ITAL S-Aa Study Abroad in Venice, Italy: Beginning Italian (32623)
For students with little or no knowledge of Italian and no previous formal study of the language. This course aims at achieving basic communication skills and vocabulary. Emphasis is on oral expression and listening comprehension.
The application period is now closed.
Students must be at least 18 years old, have completed at least one year of college or be a first-year student, and be in good academic standing to apply.
The application materials, outlined below, are due January 31, 2013:
- A completed online application that includes:
- A $50 nonrefundable application fee.
- A statement describing your overall academic interests and your reasons for wanting to study in Venice this summer. In your statement you should discuss any relevant coursework you have taken and address how you think your experience in Venice will shape your intellectual and social development.
- Transcripts (student record accepted for Harvard students).
Students will be notified of admission decisions by mid-February.
There is a nonrefundable $50 application fee. The cost of the program is $7,750 and includes the following:
- Room and breakfast
- All scheduled excursions and extracurricular activities
In addition to the program fee, students are responsible for:
- A health insurance fee (waived if students have US insurance that provides coverage outside the United States)
- Transportation to and from Venice
- The cost of passports and visas (if the latter is needed)
- Any immunizations
- Meals (lunch and dinner)
See a sample budget for estimated expenses.
How to pay and funding options
See Funding and Payment for payment deadlines, deposit amounts, and more information, including funding options for Harvard College students.

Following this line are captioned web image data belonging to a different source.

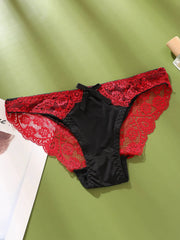 Women's lace underwear with red sheer lace and black satin color-block mid-low-rise briefs.
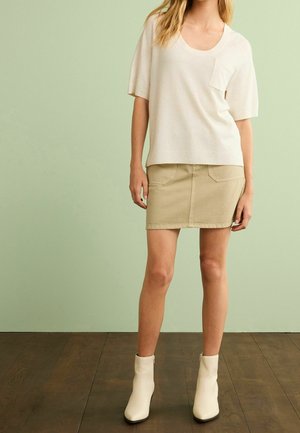 Kobieta ubrana w kremowy top z krótkim rękawem, beżową mini spódnicę i białe botki, stojąca na drewnianej podłodze na tle jasnozielonej ściany.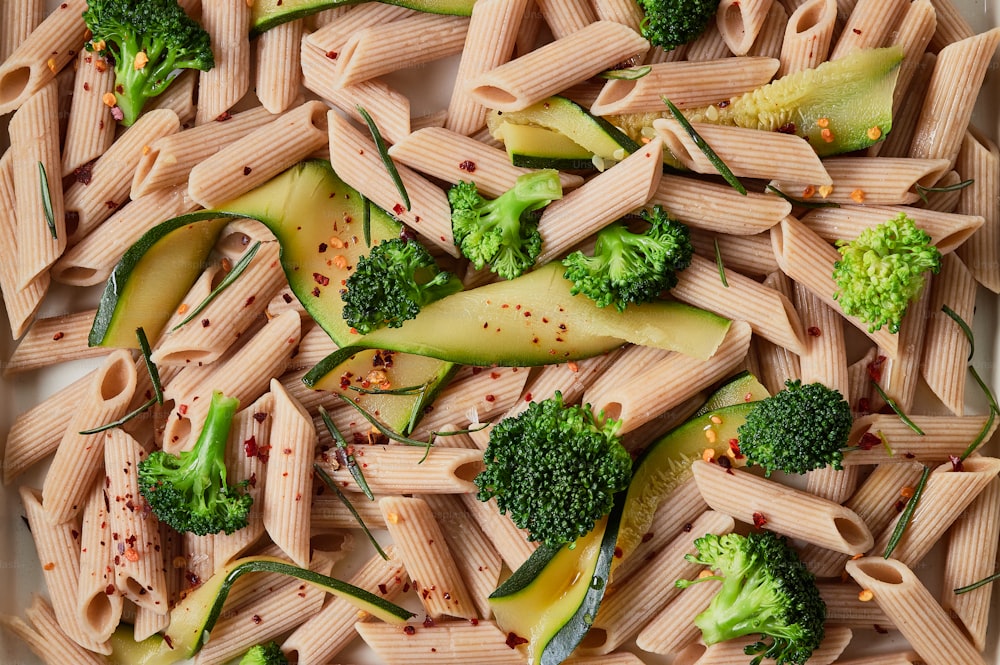 a plate of pasta with broccoli and other vegetables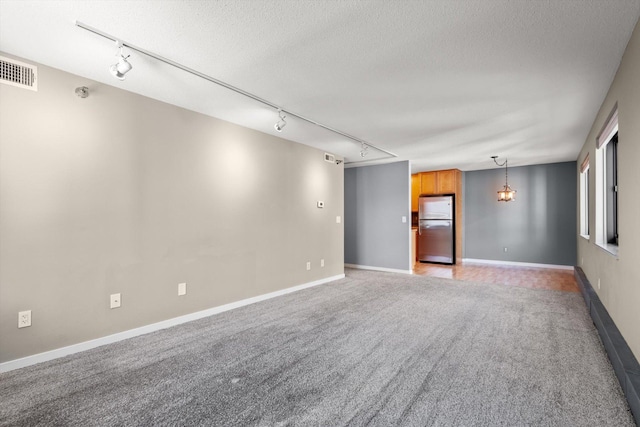 48 Groveland Ter Unit B301, Minneapolis, MN 55403 - unfurnished room featuring rail lighting, light carpet, and a textured ceiling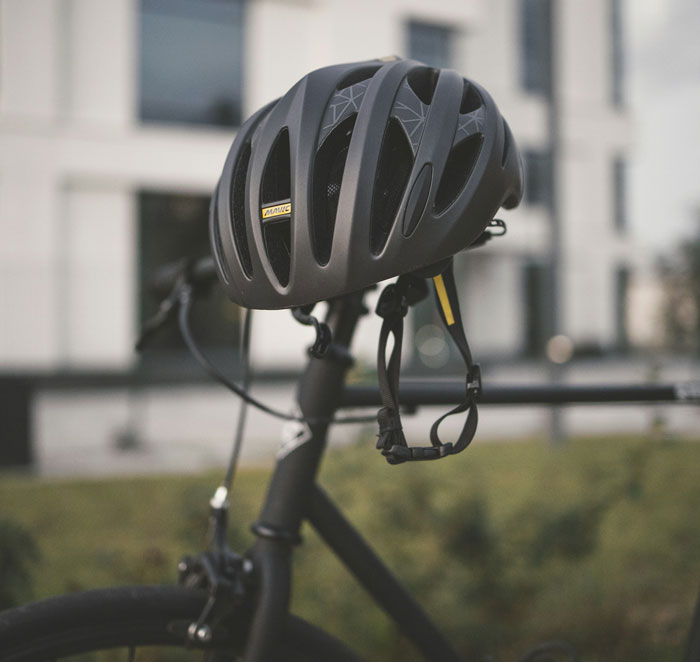 Black bike helmet hung on a bicycle handlebar in front of a building, weird friends or family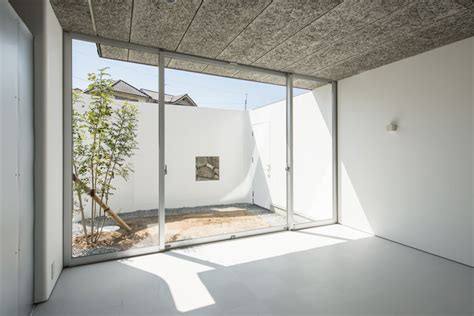 Ym Design Office Clads Half Of Stylobate House With
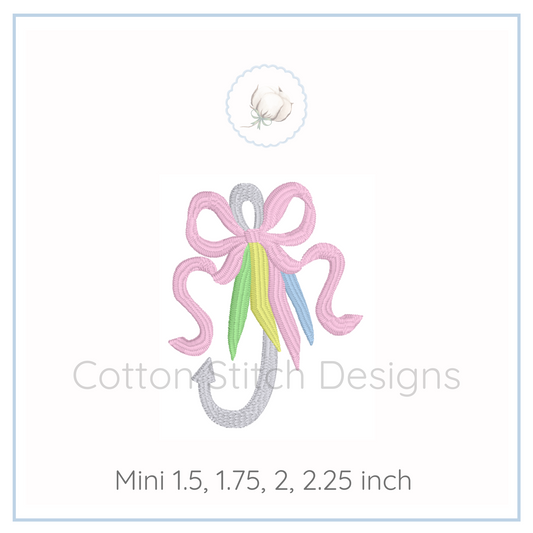 Machine Embroidery design Cotton Stitch Designs Embroidery design of a fish hook with a pink bow with colorful ribbons on a white background, branded 'Cotton Stitch Designs'.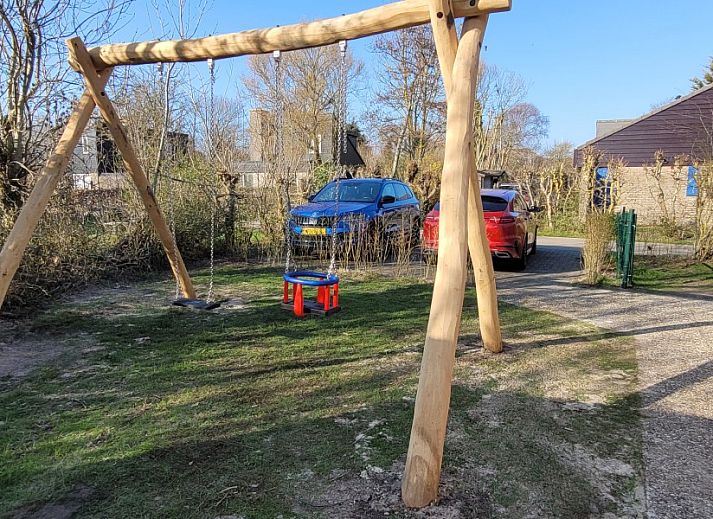 Geniet van de rust bij Het Eiland Gevoel, een vakantiehuis in De Cocksdorp, Texel, met een ruime tuin en speelruimte voor kinderen.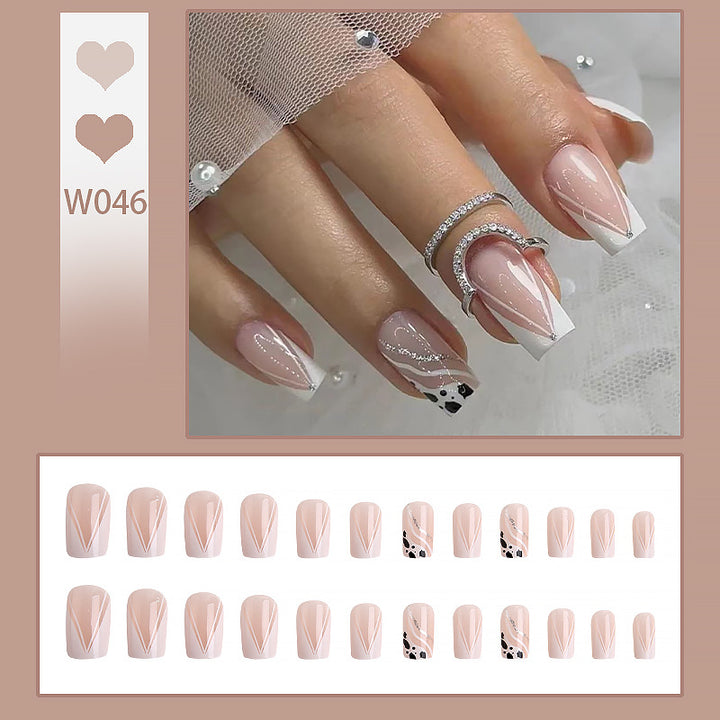 Artificial nails with elegant French design and glitter details Stornfield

Students stay in local dormitories on Giudecca Island. All rooms are doubles and do not include air conditioning. With the exception of breakfast (for which meal cards are provided), students are responsible for their own meals. Dorms have limited kitchen access. Venice has many restaurants, bars, cafes, and pasticciere. Students have the opportunity to shop at the local markets and frequent the restaurants and bars in their neighborhood. Cafeterias offering low-cost meals are another option.